By definition, two norms #||*||_1 and ||*||_2# are equivalent if there exists positive constants #a,b in RR^+# such that
#a||*x||_2<=||x||_1<=b||x||_2 . AAx in X#
Now let #T_1 and T_2# be the topologies on X induced by #||*||_1 and ||*||_2#. We require to prove that #T_1=T_2#
Recall that a collection T of open subsets #T_i# of X is a topology for X if the following conditions are satisfied:
- #phi,X in T# (the empty set and the whole set X must be in T)

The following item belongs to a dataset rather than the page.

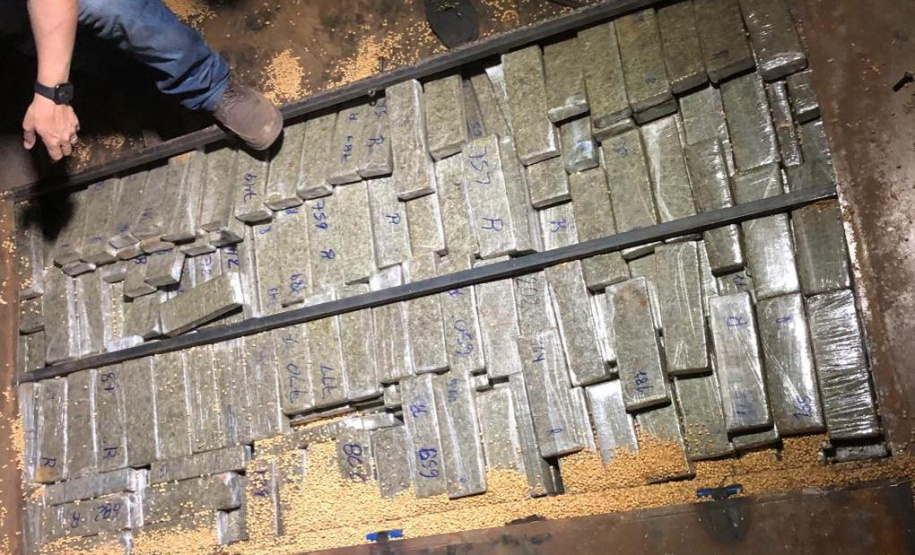 Segurança Pública tira 143,6 toneladas de drogas de circulação no Paraná em 2019. Foto:SESP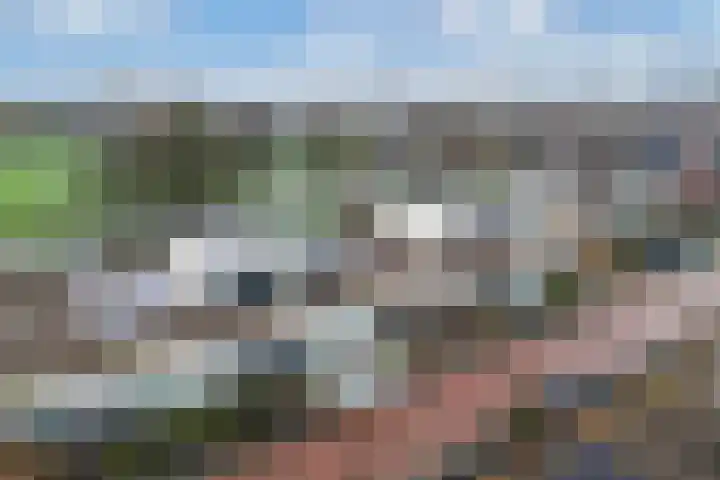 Laantje van Israëls 15 Blaricum thumbnail 29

- #nnn_(i=1)^nT_i in T# (finite intersections of T belong to T)
- #uuu_(i=1)^alphaT_i in T# (arbitrary unions of T belong to T)
Now let #A in T_1# (ie. A is an open subset of #T_1#)
#thereforeAAx in A, EE# an open ball #B(x;epsilon)# such that #B(x;epsilon)sube A#.
#therefore{y in X | ||y-x||_1 < epsilon} sube A.#
But since #||*||_1 and ||*||_2# are equivalent, #=> AA x in X, EE a,b in RR^+# such that #a||y-x||_2<=||y-x||_1<=b||y-x||_2#
#therefore{y in X | ||y-x||_2 < epsilon/a} sube {y in X | ||y-x||_1 < epsilon} sube A #
#therefore # Every point x of A is an interior point in the #T_2# topology #=> A in T_2#
#therefore T_1 sube T_2#
Similarly #T_2 sube T_1# and so #T_1=T_2#